Using robots.txt To Control Search Engine Spiders
What are robots and spiders?
Search engines such as Google and Yahoo! use what is called 'robots' or 'spiders'
to visit pages on the internet and then automatically add them to their search
database. Many people even add their sites manually rather than wait for a robot
or spider to visit their web site. When you put a web page on your web server,
it can take some time for your site to show up in their search engine. Once the
page is entered into their database, however, it can take a long time also for
the page to be removed should the page move or be taken off the server. For more
information on how the major search engine spiders work, please see the pages
below:
However, there may be times where you have information that you do not want to
share with everyone or have the search engines put in their database. You may
even have a whole directory you wish to keep secret.
One way to keep a search engine from adding your pages to their database is to
put a file called robots.txt in the directory where the pages you wish
to protect exist. While this is not a fool-proof way to protect your pages, it
may help keep them from showing up in most search engine databases, at the very
least.
How do I create a robots.txt file?
You can create a robots.txt file from any Linux text editor or any text
editor that saves to Unix format. This is important as the file must have Unix
style line breaks. Please see
Text Editors You Can Use To Create CGI Scripts
for more information. Note that the robots.txt file must be in the root
directory (and not in a sub directory) of your CGI or web server. You can have
one in each if you want. Put a robots.txt file in the root directory of your
CGI server to control spidering of files on only that server. Put a robots.txt
file in the root directory of your web server to control spidering of files on
your web server only. Your robots.txt file will only affect your own server(s) and
not anyone else.
The robots.txt file usually needs only two fields: User-agent and
Disallow. Here are a couple examples you can put in your robots.txt
file. You can add more than one User-agent or Disallow field to
your robots.txt file.
Allow all robots:
User-agent: *
Disallow:
This will allow all robots to visit all pages in the directory. Note nothing was
entered for Disallow even though it was included in the robots.txt file.

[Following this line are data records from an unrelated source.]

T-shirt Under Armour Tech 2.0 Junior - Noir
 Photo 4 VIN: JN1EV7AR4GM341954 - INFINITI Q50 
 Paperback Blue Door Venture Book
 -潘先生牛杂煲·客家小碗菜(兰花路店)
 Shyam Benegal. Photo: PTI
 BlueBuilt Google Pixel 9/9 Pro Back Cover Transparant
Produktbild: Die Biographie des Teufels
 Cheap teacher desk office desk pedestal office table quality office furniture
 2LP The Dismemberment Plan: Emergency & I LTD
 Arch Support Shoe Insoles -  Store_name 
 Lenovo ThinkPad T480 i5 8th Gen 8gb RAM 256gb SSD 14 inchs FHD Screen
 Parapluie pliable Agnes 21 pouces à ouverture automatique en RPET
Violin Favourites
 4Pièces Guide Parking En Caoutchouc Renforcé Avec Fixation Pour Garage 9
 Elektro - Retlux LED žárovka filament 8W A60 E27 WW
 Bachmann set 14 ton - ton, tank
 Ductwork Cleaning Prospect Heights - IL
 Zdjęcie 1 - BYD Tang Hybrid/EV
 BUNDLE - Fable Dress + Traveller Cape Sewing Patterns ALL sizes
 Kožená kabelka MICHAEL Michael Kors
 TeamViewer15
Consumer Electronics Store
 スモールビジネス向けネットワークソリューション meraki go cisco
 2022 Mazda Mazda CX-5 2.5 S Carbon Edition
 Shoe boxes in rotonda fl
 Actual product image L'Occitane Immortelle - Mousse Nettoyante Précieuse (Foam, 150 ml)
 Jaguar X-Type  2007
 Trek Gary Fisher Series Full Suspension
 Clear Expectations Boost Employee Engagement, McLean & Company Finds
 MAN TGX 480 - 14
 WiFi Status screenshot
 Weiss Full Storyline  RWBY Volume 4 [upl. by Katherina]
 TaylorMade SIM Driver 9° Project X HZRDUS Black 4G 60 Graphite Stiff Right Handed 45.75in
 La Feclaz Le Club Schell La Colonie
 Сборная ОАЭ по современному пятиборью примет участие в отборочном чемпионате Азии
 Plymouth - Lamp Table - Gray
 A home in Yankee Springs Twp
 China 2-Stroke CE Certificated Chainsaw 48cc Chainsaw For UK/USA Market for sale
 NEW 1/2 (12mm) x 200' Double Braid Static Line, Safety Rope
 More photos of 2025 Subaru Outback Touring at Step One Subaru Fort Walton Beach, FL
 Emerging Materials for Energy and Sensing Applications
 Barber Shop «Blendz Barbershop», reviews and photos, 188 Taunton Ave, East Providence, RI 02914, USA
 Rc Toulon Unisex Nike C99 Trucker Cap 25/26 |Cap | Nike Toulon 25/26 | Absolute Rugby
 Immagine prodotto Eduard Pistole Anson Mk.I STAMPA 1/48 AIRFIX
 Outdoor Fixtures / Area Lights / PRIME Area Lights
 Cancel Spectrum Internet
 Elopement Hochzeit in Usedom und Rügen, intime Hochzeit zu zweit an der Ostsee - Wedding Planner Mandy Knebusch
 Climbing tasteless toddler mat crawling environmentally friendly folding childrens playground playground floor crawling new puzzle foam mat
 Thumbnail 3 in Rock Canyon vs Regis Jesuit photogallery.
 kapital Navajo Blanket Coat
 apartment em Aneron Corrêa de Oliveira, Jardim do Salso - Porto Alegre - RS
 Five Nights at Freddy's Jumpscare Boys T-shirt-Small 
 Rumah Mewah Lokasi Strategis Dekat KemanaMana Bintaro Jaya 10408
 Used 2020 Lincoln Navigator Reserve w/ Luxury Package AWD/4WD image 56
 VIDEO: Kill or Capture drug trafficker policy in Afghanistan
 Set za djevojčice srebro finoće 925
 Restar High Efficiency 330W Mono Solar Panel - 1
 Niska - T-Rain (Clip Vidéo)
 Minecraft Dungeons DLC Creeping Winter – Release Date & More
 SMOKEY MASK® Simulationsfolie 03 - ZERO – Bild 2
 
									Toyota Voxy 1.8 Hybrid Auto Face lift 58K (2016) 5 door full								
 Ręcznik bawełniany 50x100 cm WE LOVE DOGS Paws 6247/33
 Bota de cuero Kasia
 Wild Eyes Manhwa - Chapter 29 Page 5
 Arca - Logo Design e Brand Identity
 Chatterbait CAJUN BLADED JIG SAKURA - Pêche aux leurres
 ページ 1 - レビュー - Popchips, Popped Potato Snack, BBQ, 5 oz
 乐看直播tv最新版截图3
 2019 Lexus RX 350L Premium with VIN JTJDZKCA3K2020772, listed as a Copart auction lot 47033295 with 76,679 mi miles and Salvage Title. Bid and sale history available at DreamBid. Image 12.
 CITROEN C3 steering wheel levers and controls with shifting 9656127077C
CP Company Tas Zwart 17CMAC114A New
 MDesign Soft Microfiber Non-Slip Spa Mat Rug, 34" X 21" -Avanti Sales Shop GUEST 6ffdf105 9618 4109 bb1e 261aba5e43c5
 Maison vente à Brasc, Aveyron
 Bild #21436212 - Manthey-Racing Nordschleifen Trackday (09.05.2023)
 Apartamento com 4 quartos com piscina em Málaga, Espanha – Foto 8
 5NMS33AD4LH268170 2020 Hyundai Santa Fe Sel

Specify rules for a certain search engine:
User-agent: googlebot
Disallow:
This specifies Disallow rules to be followed only by google robots that may
visit your site. Note nothing was entered for Disallow even though it was
included in the robots.txt file. This means all files can be added to
google's search database.
Keep all robots out of directory:
User-agent: *
Disallow: /
This keeps all robots from adding any of the pages in the directory the
robot.txt file is placed. Note the slash / in the Disallow field means
all files.
Ban a certain search engine from all directories:
User-agent: googlebot
Disallow: /
This would keep google from adding any pages in that directory to it's search
engine database.
Protecting only certain files:
User-Agent: *
Disallow: /images/
Disallow: email.html
This keeps all robots from adding all files in the images directory and
the email.html file from being added to their search database. Note that
using Disallow: /images/ will cover the subdirectories as well, so
there would be no need to add another for each subdirectory in the images
directory. Spiders will not go into the images directory at all nor visit
any of the directories or files inside it.
We recommend you take a look at
an example robots.txt file from PimpSoft.
You may want to copy this file and edjust it to your site's needs. This file helps
to keep certain harmful robots (spiders) off your site and control how these
robots spider your site. In this way, your pages can be indexed most efficiently.
Once you have constructed and saved your robots.txt file, upload it to your web
server directory which you wish to protect using your FTP program.
Checking robot.txt Validity
Once you've uploaded the robot.txt file, it's usually a good idea to check the
validity of the file and be sure there are no problems. You can do this using the
one of the following robots.txt validators. Please be sure your robots.txt file
is uploaded to your web site and provide the proper URL to the file, such as
http://yourdomain.com/robots.txt.
Specifying Robot Rules in HTML Meta Tags
Alternatively (or even additionally) you can specify the rules in your HTML file
itself, within a meta tag. This tag appears in the head tag. Here
is an example:
<head>
<meta name="robots" content="noindex,nofollow">
<title>My Page</title>
</head>
In the content= area within the quotes you have a few choices you can
add. The first word before the comma you can use either index meaning
the robot will add the page to the search engine database, and noindex
meaning the robot will not add the page to the search engine database.
The second word after the comma in the content= area you have two choices. You
can use follow to mean it will also visit all other links you have on
that page and catalog them (providing there is no robot meta tag preventing it,
in which case it will skip over those), or nofollow meaning the robot will
act on only that page and not follow links you have on that page.
Which do I use, robot.txt or in my meta tag?
The robots.txt method is best if you want to keep robots from indexing a whole
directory or even protect certain files. It also lets you change things from one
file rather than from each .html file you have. This is good for keeping your
pages from being added to search engines.
The robot meta tag is best if you want search engines to add your pages
to the search engines.
Do remember though that spiders will only find content on your pages and pages
that are linked to. If any of your pages aren't linked to, then spiders may not
find and index those pages.
|